Carbon allocation in trees is an important determinant of growth and survival, but it remains poorly understood. One prominent theory predicts that allocation priority is determined by proximity to the canopy, with closer tissues receiving greater access to recent photosynthates. Such a top-down strategy could cause roots to disproportionately suffer C shortages, with implications for how trees—particularly tall trees—experience stress. We tested this theory in tall (~22 m) and short (~12 m) aspen stands in Alberta during 2014, which suffer from both gradual, age-dependent and sudden, stress-induced declines that are hypothesized to affect the roots before the canopy. We measured root growth and nonstructural carbohydrates (NSC) in the canopy, at multiple locations down the bole, and in the roots. If allocation is top-down, we predicted that 1) tissues farther from the canopy would have lower NSC concentrations early in the growing season and take longer to reach their seasonal NSC maxima, 2) in tall stands—with the potential for greater carbon demand from their longer boles— it would take longer for root NSC to reach seasonal maxima and for root growth to begin, and 3) root growth and NSC would be lower in tall stands.
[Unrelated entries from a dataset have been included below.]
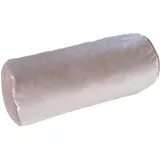 bookiepad Nackenrolle Cozy 40 x 15 cm Mittelgrau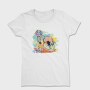 Labrador Retriever Watercolor, Tricou Femei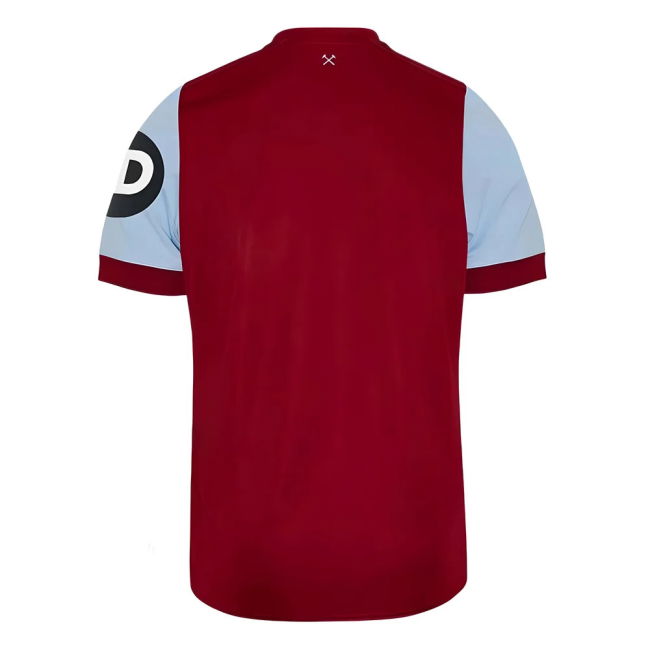 West Ham official style Home Shirt 2023-2024 (Youth
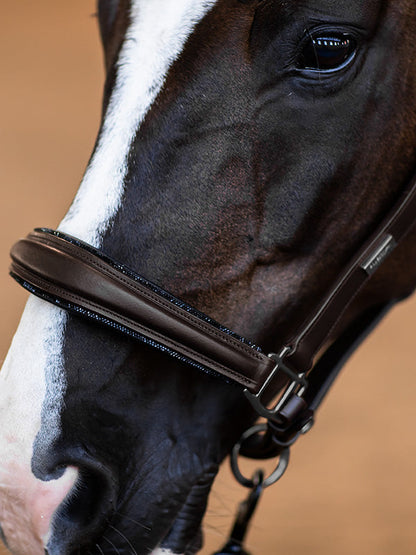 Anatomic Glimmer Leather Halter Equestrian Stockholm Glimmer Anatomic Leather detalle 4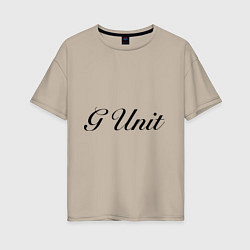 Женская футболка оверсайз G unit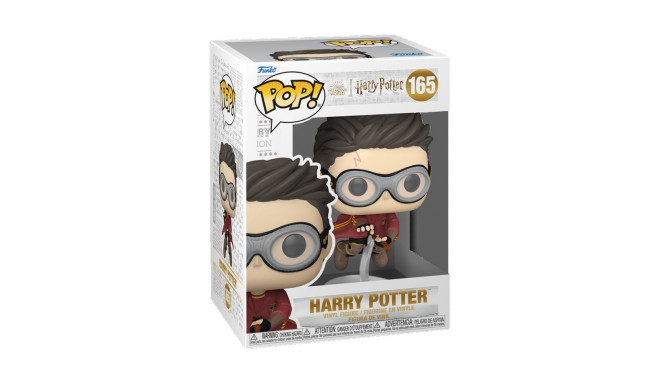 FUNKO POP! Vinila figūra: Harry Potter and The Prisoner of Azkaban - Harry w/Broom (Quidditch)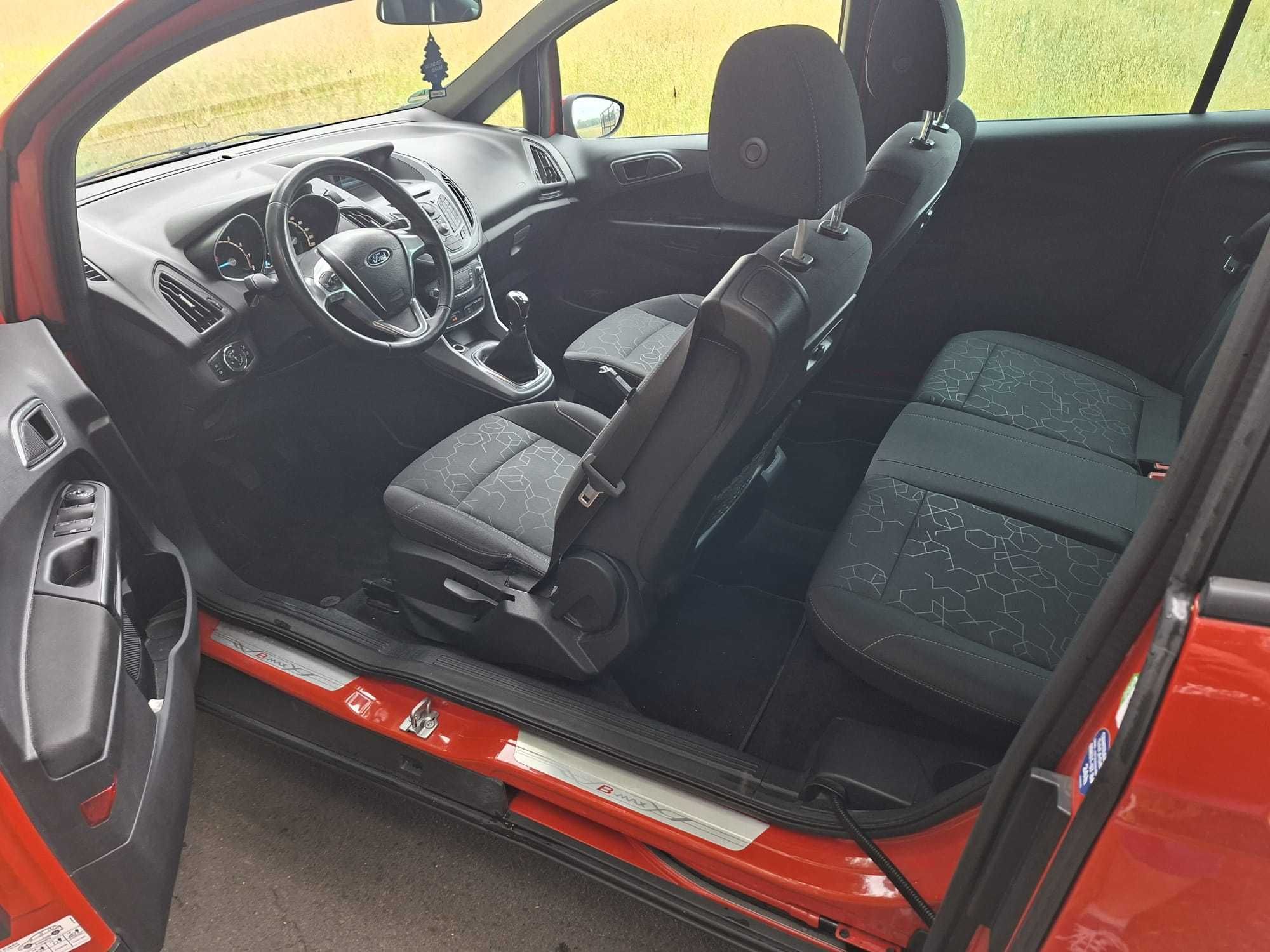 Ford B-Max 1.0 EcoBoost 125KM | 2014 | Zadbany | Hak |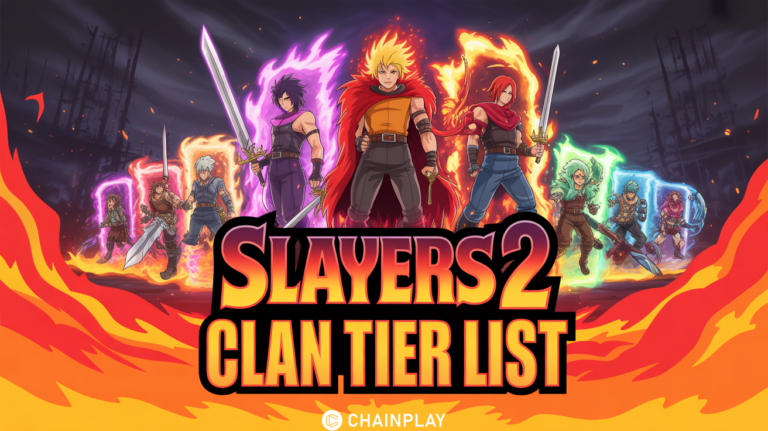 Slayers 2 clan tier list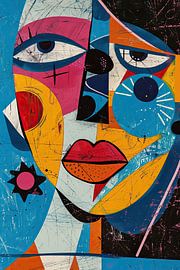 Picasso decor by Art Whims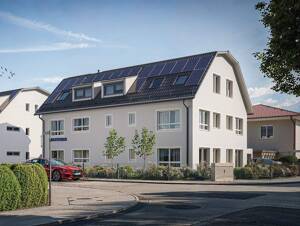 Wohn-Fühlen: 3,5-Zimmer Gartenwohnung mit Terrasse inkl. Souterrain-Hobbyraum und 2 Bädern, Aufzug, Tiefgarage, Photovoltaik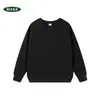 Sudadera de cuello redondo pesada estilo retro americano 2026 para hombre, marca de moda, primavera y otoño, color liso, simple, corte holgado, camiseta básica unisex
NSC concentrations peaked earlier within the canopy than below the canopy, but there was no difference in the timing of seasonal NSC maxima in phloem tissue along the bole. However, sapwood NSC increased with height along the bole throughout the growing season. NSC was also consistently higher in phloem tissue within the canopy than below the canopy. Short stands generally had higher NSC levels aboveground than tall stands. In contrast, tall stands reached maximum fine root NSC earlier in the growing season and had higher coarse root NSC concentrations throughout the year. There was no difference in the timing or amount of root growth between stands.
We found only limited evidence for top-down allocation. Root systems of tall stands do not appear to be more C-limited, despite the potential for longer boles to act as large C sinks. Changes in allocation that cause earlier budset and reduce NSC stem storage in taller trees may ensure an adequate C supply to the root systems.